Plaignant
M. Najib Antoine Jabre
Mis en cause
M. Richard Martineau, journaliste
Le site Internet journaldemontreal.com
Résumé de la plainte
M. Najib Antoine Jabre dépose une plainte le 7 avril 2016 contre M. Richard Martineau, chroniqueur, et le site journaldemontreal.com. Il estime que la chronique « Justice : une peine “poids plume” », publiée le 6 avril 2016, propose une information incomplète et contient des informations inexactes, et dénonce en outre que le média ait omis d’apporter un correctif, en plus d’avoir refusé de publier certains de ses commentaires au bas de l’article en question.
La chronique de M. Martineau porte principalement sur une sentence, qu’il qualifie de « bonbon », prononcée à l’encontre d’un homme autochtone qui a infligé des brûlures à sa fillette. La clémence de la peine tiendrait compte, écrit le chroniqueur, des problèmes socioéconomiques de la communauté de l’accusé. Il établit ensuite un parallèle avec une autre décision, rendue en 1994 par la juge Raymonde Verreault, qui avait alors tenu compte, dans l’établissement de la peine d’un homme de confession musulmane reconnu coupable d’avoir sodomisé une enfant, du fait qu’il avait « préservé sa virginité », en accord avec sa religion.
Les mis en cause n’ont pas répliqué à la présente plainte.
Analyse
Grief 1 : information incomplète
M. Jabre reproche aux mis en cause d’avoir omis de mentionner « que la cause à laquelle [ils] font référence n’a aucune valeur puisqu’elle fut cassée (annulée) en appel le 7 juillet 1994. »
Il leur reproche en outre d’avoir également omis de mentionner que dans cette même décision de la Cour d’appel, les juges « reprochent en particulier à la juge Verreault [qui a rendu la décision de première instance] d’avoir vu un facteur atténuant dans le fait, pour le beau-père [l’accusé] d’avoir “ménagé la victime en préservant sa virginité” ».
En matière de complétude, le Guide de déontologie journalistique du Conseil de presse du Québec prévoit à l’article 9, alinéa e), que « Les journalistes et les médias d’information produisent, selon les genres journalistiques, de l’information possédant les qualités suivantes: […] e) complétude : dans le traitement d’un sujet, présentation des éléments essentiels à sa bonne compréhension, tout en respectant la liberté éditoriale du média. »
Dans ses recherches, le Conseil a pu confirmer les prétentions du plaignant : la décision rendue par la juge Verreault, à laquelle réfère M. Martineau dans sa chronique, a effectivement été cassée en appel.
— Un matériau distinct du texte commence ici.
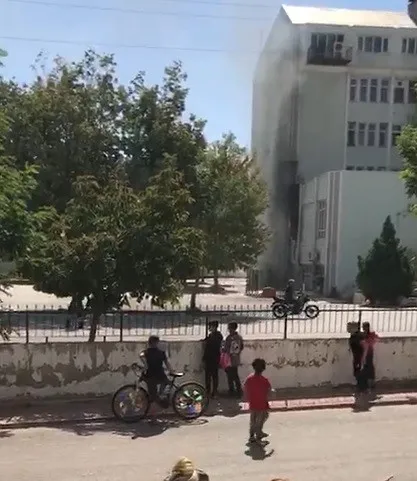 konyada-saglik-merkezi-alevlere-teslim-oldu-1663507432210.jpg Konya’da sağlık merkezi alevlere teslim oldu - 2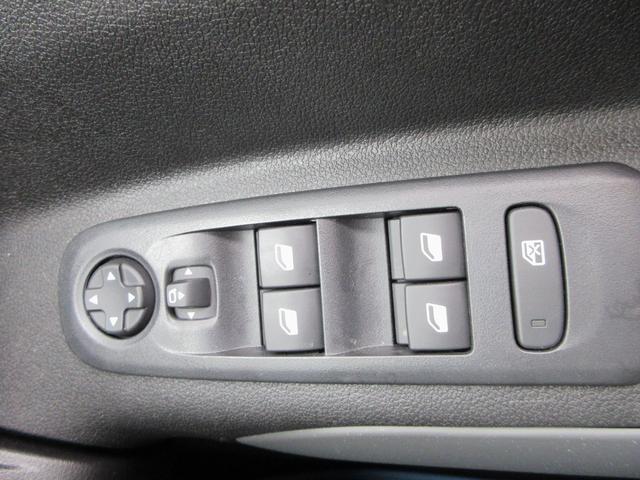 ベルランゴ トリコ パノラミックルーフ 純正8インチディスプレイオーディオ サイドカメラ+バックカメラ 両側スライドドア アダプティブクルーズコントロール パドルシフト ETC ルーフレール 16インチAW スマートキー(32枚目)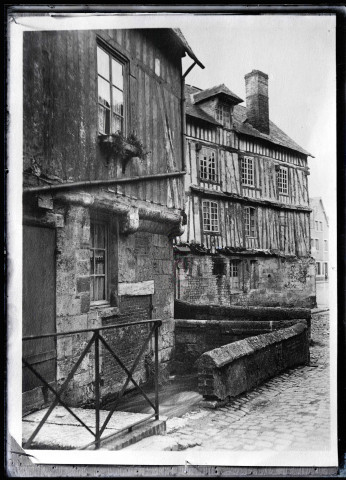 Maisons à pans de bois de Caudebec-en-Caux (Seine-Maritime).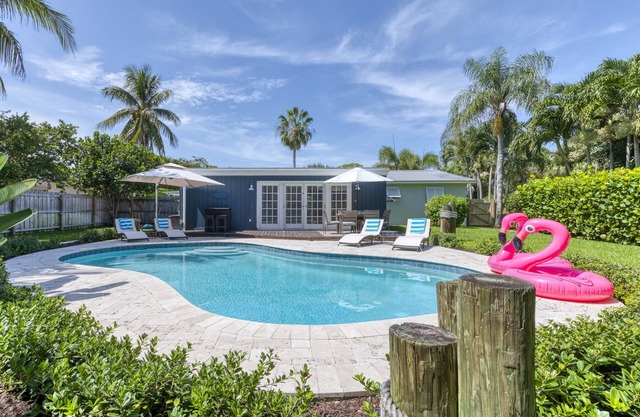 The Pelican Villa | Large Pool + Firepit!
Logé par la Couronne, l’appel de la décision rendue en première instance par la juge Verreault a effectivement été accueilli par les trois juges qui l’ont étudié et qui ont estimé que quatre des cinq griefs étaient justifiés.
Il est également vrai que la décision rendue en appel s’en prend particulièrement à l’argument amené par la juge Verreault selon lequel en préservant la virginité de l’enfant, l’accusé l’aurait en quelque sorte ménagée. Au final, la peine infligée est ainsi passée de 23 à 42 mois.
Par une courte majorité de quatre membres sur sept, le comité des plaintes juge que le chroniqueur n’a pas, dans la présente affaire, manqué à ses obligations relatives à la complétude de l’information. Dans l’évaluation d’un grief de complétude, il importe de bien tenir compte du contexte dans lequel se serait insérée l’information omise avant de pouvoir déclarer qu’elle était « essentielle » à la bonne compréhension du sujet traité.
En l’espèce, il faut donc rappeler que la chronique de M. Martineau portait sur une autre décision judiciaire, et que la décision rendue par la juge Verreault y occupait un rôle secondaire : il la citait comme un exemple supplémentaire dans ce qu’il percevait comme une tendance lourde dans notre système de justice, à savoir la propension qu’ont certains juges à voir dans les conditions socioéconomiques, ou encore les origines culturelles et ethniques, des facteurs venant atténuer la gravité d’un geste criminellement répréhensible.
De plus, sans se prononcer sur le fond de la question, force est de constater que l’aspect décrié par M. Martineau de la décision rendue par la juge Verreault, nonobstant le fait qu’elle ait été cassée en appel, participait du phénomène qu’il dénonçait dans sa chronique, de sorte que le rappel de la décision rendue en appel n’était pas nécessaire dans les circonstances.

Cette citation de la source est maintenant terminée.